### WHAT YOU NEED TO DO
Using the listing below, output only the lines from the one that contains "ENJOY YOUR TODAY" through the one that contains "ICH GEHE ZU", inclusive, exactly as given and without images.

Start of SOURCE RECORDS

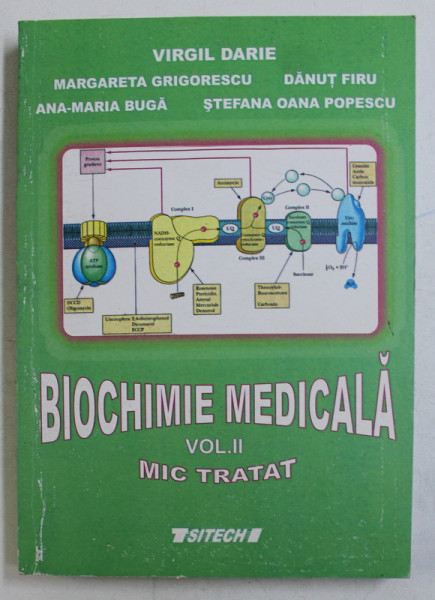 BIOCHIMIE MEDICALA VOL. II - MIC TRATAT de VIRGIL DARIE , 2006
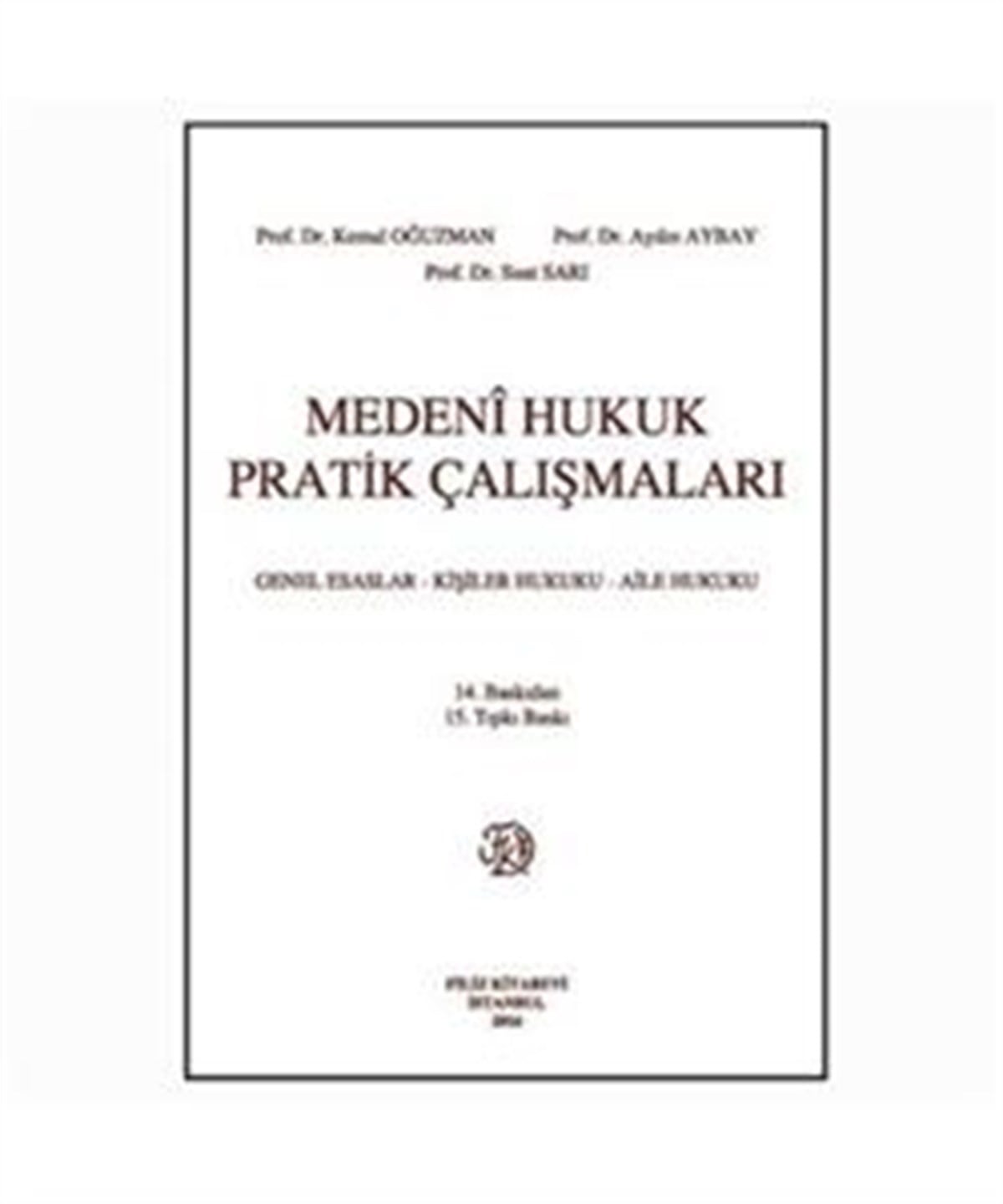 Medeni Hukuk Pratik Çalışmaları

End of SOURCE RECORDS
Start of SOURCE RECORDS

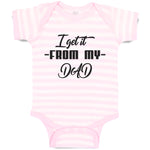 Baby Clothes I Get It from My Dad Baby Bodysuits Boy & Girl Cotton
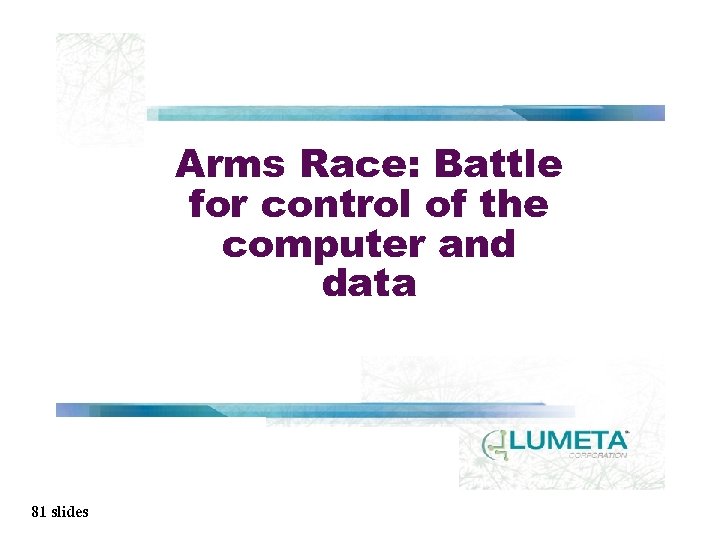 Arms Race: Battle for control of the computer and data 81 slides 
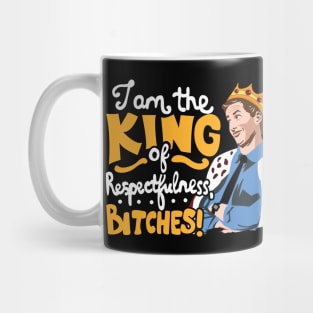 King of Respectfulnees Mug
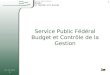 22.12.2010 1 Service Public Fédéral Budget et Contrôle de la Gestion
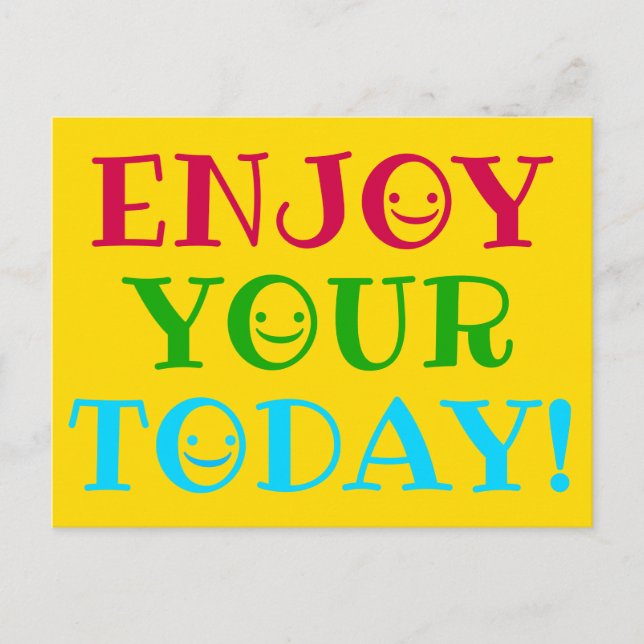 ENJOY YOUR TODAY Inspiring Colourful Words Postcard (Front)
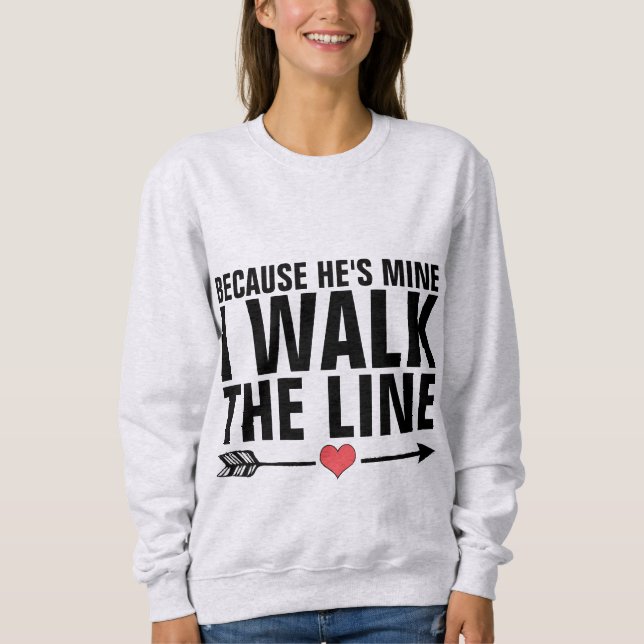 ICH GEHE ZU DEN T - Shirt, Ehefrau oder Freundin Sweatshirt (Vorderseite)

End of SOURCE RECORDS

### ANSWER TO THE PROBLEM
 ENJOY YOUR TODAY Inspiring Colourful Words Postcard (Front)
 ICH GEHE ZU DEN T - Shirt, Ehefrau oder Freundin Sweatshirt (Vorderseite)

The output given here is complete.